Videos circulating on Twitter show police charging, in a line, toward protesters chanting the same tired chant, “No justice, no peace!”

Footage then showed the crowd retreating as gas was deployed with some screaming that it felt like a “war,” FOX reported.

“Heavy dose of tear gas and pepper balls deployed. This is the worst I ever got it,” Ricardo Torres, a reporter from the Milwaukee Journal Sentinel tweeted.

The gas was so overwhelming, Torres tweeted, that it took him a “solid 10 minutes of gasping for air” before he was able to get “solid amounts of oxygen.”

On Wednesday, Milwaukee County District Attorney John Chisholm, in a 14-page letter said evidence showed Cole fled from police carrying a stolen 9mm handgun.
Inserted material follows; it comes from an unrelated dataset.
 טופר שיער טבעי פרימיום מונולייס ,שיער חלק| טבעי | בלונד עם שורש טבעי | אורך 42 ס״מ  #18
He cited squad car audio evidence, along with testimony from Mensah and two other officers, that he said showed Cole had fired a shot while fleeing and refused commands to drop the gun.
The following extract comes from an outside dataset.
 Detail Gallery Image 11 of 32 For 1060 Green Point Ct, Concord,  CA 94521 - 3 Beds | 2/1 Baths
Wauwatosa’s officers aren’t equipped with body cameras.

The Wauwatosa Police and Fire Commission engaged in politics and suspended Mensah with pay in July, which he has appealed. The commission hired former U.S. Attorney Steven Biskupic to investigate and in a report released earlier Wednesday, Biskupic recommended that Mensah be fired, saying the risk he might shoot a fourth person is too great.

In essence, Biscupic has recommended that a Black police officer whose actions have been legally justified be terminated for doing his job.
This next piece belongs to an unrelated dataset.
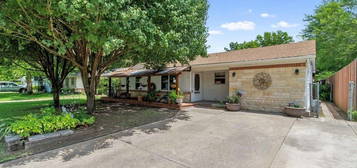 1213 Joly St, Ennis, TX 75119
The city of Wauwatosa issued a nightly 7 p.m. curfew after Chisholm’s decision was announced, to run until next Monday. Many people have ignored the curfew, marching peacefully in the city.

But late Wednesday evening, well past the curfew, a group of a few hundred protesters confronted a police line. Police said some in the group were throwing rocks at law enforcement and buildings and that they used tear gas to disperse the protesters.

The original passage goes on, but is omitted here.